You seem to delight in making yourself seem stupid and I suppose that is your business if you want to. But why do you give no credit to anyone else? You know very well how it was you were transferred from Grafton to Rankin Downs and it was not because "I knew I had to get out of there" but because Izzie worked very hard on someone at the Department of Corrective Services and that there was a large bribe involved which your son paid. Wasn't this worth remembering?
Likewise with Mr Lo – you are content to have him with his imaginary baseball and his somersaults. This is all true, but why do you leave out the part your son played fighting the Immigration Department through to the High Court? You know how expensive it was, and also how proud he was to do it, and how proud you were of him as well.
But instead you choose to dwell on things like the American ownership of the firm and our dependence on it. It's all true. But it is not the whole truth, and I admit that I spoke in a derogatory way about that dependence, that I said we were pets, but when I came back in '51 we did some good work together.
You say you had to teach yourself to be an author, which you know is a lie. But I will not dwell on that. Would you have written about the books we wrote together -Gaol Bird, particularly? Probably not, but it is just as well because you would have made them sound like smart stunts and deliberately forgotten that each one of those books had a purpose, that we tried to do some good things and were not embarrassed about it either.
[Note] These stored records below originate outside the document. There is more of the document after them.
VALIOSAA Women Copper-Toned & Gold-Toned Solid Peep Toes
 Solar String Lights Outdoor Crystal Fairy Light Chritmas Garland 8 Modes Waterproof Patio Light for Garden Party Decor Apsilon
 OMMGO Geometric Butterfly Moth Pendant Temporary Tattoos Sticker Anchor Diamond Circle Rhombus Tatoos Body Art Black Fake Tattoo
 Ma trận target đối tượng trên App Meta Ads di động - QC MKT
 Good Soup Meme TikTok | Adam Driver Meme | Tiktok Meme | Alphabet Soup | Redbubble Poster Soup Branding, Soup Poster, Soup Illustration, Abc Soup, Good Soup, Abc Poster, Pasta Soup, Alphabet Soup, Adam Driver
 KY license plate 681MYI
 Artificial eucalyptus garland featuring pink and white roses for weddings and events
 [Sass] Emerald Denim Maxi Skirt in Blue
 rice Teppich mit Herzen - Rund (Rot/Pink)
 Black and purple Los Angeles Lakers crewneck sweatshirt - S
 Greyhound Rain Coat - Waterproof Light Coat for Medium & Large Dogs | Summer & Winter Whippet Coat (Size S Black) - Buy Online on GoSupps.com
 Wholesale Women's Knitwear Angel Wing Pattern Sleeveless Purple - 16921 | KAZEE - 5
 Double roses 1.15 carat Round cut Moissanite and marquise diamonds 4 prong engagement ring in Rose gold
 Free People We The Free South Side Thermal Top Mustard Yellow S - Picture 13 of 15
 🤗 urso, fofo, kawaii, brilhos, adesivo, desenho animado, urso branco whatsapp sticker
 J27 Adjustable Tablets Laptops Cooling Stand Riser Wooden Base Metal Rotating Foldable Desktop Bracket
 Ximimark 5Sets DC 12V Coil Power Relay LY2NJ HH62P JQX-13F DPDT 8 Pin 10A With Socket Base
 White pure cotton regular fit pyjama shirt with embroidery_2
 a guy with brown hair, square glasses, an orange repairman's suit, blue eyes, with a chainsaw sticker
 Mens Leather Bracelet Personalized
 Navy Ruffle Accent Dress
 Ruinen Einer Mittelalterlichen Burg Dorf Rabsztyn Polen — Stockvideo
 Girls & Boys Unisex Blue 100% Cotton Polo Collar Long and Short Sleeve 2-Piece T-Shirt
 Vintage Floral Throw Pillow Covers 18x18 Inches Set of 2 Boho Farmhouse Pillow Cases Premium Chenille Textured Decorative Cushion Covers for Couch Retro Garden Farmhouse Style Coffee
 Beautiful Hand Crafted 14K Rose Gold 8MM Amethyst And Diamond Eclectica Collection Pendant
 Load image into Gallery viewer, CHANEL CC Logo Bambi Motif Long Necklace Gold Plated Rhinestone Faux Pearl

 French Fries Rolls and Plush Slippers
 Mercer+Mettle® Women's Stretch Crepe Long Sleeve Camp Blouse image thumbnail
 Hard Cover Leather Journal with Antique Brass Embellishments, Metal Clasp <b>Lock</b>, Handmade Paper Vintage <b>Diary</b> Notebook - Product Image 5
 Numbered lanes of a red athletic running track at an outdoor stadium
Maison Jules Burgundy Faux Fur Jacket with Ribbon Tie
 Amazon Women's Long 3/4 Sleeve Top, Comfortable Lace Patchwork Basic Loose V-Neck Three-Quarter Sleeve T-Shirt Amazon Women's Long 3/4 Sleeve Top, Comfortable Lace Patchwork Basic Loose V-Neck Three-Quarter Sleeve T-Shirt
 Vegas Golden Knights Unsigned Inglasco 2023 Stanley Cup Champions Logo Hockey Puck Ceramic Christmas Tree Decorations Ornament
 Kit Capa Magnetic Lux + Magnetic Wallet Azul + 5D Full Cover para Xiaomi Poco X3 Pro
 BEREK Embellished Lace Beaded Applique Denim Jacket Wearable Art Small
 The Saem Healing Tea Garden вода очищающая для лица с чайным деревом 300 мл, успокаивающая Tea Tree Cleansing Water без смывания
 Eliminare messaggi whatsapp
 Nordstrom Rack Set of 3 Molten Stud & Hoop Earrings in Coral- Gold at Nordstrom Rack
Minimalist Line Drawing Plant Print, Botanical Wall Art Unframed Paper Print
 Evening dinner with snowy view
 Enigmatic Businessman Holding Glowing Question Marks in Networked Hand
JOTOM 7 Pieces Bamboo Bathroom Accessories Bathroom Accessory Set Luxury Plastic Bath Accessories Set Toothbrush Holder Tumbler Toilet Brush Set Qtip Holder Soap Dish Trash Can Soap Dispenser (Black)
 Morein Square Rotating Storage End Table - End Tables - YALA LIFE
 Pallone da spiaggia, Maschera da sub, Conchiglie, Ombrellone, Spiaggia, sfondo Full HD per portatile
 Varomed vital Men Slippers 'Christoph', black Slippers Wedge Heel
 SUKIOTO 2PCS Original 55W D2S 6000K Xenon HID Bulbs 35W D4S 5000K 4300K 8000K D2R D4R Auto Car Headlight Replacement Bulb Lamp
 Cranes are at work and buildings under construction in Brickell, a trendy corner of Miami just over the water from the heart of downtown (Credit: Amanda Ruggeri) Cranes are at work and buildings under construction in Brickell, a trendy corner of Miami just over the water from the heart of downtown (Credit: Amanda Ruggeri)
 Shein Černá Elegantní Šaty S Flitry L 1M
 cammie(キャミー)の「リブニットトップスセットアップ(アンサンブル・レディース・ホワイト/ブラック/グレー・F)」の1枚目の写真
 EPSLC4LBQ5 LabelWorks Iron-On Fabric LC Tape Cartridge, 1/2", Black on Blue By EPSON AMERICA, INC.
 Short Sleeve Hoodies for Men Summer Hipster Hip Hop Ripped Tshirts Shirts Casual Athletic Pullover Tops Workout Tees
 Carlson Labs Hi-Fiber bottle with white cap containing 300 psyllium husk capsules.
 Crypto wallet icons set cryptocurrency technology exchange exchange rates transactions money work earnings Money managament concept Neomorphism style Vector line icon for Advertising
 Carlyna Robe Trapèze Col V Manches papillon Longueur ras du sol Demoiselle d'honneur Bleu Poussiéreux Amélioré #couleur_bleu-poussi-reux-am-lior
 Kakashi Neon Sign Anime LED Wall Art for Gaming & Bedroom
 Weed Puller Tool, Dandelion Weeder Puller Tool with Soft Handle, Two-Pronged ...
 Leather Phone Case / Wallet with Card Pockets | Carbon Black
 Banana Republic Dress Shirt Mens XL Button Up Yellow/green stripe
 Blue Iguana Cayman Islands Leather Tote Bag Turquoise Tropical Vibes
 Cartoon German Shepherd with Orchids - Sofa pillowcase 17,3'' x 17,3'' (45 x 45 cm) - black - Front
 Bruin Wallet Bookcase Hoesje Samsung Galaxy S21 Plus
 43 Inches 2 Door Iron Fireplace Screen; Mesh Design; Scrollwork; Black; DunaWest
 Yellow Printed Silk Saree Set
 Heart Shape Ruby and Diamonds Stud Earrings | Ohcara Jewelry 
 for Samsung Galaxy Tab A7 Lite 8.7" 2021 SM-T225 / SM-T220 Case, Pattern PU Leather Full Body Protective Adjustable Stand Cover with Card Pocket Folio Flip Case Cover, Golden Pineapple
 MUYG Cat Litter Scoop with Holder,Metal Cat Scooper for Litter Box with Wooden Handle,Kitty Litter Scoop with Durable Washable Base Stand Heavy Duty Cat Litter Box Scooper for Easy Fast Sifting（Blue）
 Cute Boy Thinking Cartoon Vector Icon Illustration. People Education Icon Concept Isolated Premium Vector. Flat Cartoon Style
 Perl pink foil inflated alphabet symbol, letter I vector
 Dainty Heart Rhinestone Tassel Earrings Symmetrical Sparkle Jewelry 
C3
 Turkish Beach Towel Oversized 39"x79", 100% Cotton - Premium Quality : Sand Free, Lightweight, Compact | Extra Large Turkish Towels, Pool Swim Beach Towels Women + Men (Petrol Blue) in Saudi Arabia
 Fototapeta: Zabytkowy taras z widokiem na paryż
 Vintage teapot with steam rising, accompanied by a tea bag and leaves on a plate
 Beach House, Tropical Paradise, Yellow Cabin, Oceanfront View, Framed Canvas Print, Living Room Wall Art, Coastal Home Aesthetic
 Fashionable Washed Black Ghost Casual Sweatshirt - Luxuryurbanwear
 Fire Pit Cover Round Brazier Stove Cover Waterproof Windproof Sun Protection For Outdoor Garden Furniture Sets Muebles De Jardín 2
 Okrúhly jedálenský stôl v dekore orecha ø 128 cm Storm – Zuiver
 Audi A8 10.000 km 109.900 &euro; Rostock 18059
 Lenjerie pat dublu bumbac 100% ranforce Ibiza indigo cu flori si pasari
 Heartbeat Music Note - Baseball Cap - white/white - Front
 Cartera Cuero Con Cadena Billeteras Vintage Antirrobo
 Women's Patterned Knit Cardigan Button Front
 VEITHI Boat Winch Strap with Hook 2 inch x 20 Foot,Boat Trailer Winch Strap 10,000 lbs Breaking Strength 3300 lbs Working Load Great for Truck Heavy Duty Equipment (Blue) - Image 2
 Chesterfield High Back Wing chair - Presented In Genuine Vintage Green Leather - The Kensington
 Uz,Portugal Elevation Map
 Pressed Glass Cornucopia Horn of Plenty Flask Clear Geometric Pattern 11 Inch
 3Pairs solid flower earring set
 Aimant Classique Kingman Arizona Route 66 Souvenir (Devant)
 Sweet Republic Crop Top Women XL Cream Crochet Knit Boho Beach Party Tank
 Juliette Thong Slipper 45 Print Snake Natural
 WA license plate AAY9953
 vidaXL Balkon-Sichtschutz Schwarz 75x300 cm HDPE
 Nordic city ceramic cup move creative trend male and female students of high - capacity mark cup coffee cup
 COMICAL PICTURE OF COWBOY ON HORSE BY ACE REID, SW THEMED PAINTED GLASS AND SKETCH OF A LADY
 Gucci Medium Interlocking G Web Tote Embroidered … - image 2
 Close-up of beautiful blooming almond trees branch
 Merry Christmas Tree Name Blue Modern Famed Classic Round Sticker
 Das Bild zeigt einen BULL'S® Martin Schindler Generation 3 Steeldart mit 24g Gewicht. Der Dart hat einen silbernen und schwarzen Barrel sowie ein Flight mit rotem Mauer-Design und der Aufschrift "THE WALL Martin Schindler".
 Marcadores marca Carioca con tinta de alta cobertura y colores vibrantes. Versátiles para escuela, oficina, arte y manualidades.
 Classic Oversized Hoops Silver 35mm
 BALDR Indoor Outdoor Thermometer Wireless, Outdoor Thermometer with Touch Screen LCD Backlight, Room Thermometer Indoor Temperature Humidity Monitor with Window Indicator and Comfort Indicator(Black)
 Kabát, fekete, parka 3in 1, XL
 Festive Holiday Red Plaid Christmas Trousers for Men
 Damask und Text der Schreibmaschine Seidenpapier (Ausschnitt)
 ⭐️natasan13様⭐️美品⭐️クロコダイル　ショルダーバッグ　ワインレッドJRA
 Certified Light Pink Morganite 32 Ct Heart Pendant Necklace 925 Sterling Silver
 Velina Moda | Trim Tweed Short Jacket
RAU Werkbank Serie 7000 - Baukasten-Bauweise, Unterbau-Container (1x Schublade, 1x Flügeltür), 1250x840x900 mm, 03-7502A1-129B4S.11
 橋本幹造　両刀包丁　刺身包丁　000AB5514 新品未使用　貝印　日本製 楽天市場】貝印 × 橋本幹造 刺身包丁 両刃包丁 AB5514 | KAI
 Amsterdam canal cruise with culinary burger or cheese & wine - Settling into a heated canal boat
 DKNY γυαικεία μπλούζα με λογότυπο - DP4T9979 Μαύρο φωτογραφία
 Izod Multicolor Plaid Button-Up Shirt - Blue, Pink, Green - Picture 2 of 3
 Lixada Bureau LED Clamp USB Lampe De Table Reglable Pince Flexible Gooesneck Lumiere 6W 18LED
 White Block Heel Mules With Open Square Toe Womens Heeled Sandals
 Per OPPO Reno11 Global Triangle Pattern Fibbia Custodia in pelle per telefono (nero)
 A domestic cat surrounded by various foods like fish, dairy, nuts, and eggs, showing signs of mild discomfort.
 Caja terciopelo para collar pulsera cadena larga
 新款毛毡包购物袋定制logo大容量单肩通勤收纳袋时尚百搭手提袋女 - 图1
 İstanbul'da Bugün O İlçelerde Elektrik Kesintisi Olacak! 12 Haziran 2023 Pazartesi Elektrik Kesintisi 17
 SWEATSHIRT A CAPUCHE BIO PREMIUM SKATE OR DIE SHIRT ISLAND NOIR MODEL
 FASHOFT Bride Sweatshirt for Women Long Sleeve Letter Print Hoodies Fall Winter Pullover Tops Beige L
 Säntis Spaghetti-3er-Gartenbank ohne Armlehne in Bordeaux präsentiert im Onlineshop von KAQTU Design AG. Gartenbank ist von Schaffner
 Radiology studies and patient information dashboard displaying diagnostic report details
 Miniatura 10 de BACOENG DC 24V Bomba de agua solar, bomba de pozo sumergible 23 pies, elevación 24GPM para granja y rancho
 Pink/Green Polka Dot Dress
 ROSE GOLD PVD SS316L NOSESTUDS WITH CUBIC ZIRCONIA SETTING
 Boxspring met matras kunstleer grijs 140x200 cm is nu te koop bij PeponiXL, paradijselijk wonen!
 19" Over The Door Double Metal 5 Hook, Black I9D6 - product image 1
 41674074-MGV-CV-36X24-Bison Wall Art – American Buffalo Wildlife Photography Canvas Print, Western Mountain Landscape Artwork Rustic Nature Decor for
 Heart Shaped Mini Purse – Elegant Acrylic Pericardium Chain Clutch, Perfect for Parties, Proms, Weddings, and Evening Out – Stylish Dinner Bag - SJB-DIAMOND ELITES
Oh, Mr Badgery, what an old heartbreak you are. You have left out everything worth loving about the emporium. You left out the pianola. And when you leave out the pianola you leave out the very possibility of joy, and suddenly there is a dreadful place, gloomy, oppressive, without music. But don't you remember the singalongs we had that went to four in the morning with Charles rocking back and forth at the pedals and Nathan Schick in his seersucker singing those songs fromThe Student Prince? You used to love it. "Come boys, let's all be gay, boys, education should be scientific play, boys." But where the pianola sat you describe some sheets of plywood leaning against a wall, so you left it out on purpose, just as you leave out Henry and George, and this is really, I am sure, because Henry bit your finger.